M. Cauchon avait reconnu, au moment de l’achat du Droit par son entreprise dont il est le seul actionnaire, le groupe Capitale Médias, que les quotidiens régionaux de l’ancien groupe Gesca et le journal phare La Presse n’évoluaient plus dans la même trajectoire.

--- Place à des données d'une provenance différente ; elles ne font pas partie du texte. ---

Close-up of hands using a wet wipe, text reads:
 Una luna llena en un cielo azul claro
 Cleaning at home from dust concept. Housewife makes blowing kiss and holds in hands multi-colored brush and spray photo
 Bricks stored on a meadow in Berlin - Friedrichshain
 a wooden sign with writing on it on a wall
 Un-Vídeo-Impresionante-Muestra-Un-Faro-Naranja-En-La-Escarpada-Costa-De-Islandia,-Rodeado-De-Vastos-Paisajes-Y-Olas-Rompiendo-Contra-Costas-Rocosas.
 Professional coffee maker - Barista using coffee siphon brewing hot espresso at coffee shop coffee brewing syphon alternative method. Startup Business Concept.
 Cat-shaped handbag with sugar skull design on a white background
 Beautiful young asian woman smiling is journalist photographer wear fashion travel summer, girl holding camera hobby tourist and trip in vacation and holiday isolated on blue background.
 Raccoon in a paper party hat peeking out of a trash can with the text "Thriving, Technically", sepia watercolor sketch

«L’élément fondamental au moment où on se parle, c’est de stabiliser l’entreprise. C’est une entreprise qui a connu des difficultés au cours des quatre, cinq dernières années», a insisté M. Cauchon à #ONfr. «On doit redorer le blason de cette entreprise-là. Redonner une fierté à l’équipe. Repositionner les journaux sur chacun de leurs marchés. Assurer une pérennité sur le multiplateforme.»

Devant les membres du Club canadien de Toronto, le nouveau propriétaire du Droit a même évoqué d’autres acquisitions en Ontario si ses affaires se portent bien d’ici quelques années.

LeDroit a vu le jour en 1913 pour défendre les intérêts des francophones de l’Ontario après l’adoption à Queen’s Park du Règlement XVII, qui limitait l’enseignement du français dans les écoles de la province. Le journal a appartenu à la communauté des pères Oblats de Marie Immaculée pendant six décennies avant d’être vendu à des intérêts privés, notamment Hollinger et plus tard Gesca.

La vente du Droit à la nouvelle entreprise de presse de M. Cauchon, dont les bureaux sont logés à Québec, avait semé de vives inquiétudes chez des lecteurs franco-ontariens du journal, à la mi-mars. L’Assemblée de la francophonie de l’Ontario (AFO) avait d’ailleurs voulu rencontrer rapidement le nouveau propriétaire du journal ottavien pour faire le point avec lui.

«Nous avons eu la chance d’exprimer nos inquiétudes», a partagé Denis Vaillancourt, président de l’AFO, qui a rencontré le nouveau patron du Droit à trois occasions depuis la transaction. «Il y a un double mandat. M. Cauchon me l’a réitéré. Il faut servir l’Outaouais et l’Ontario. Quand c’est le propriétaire qui le dit, c’est rassurant.»

Martin Cauchon a parlé, lui aussi, de rencontres «très positives» avec l’AFO.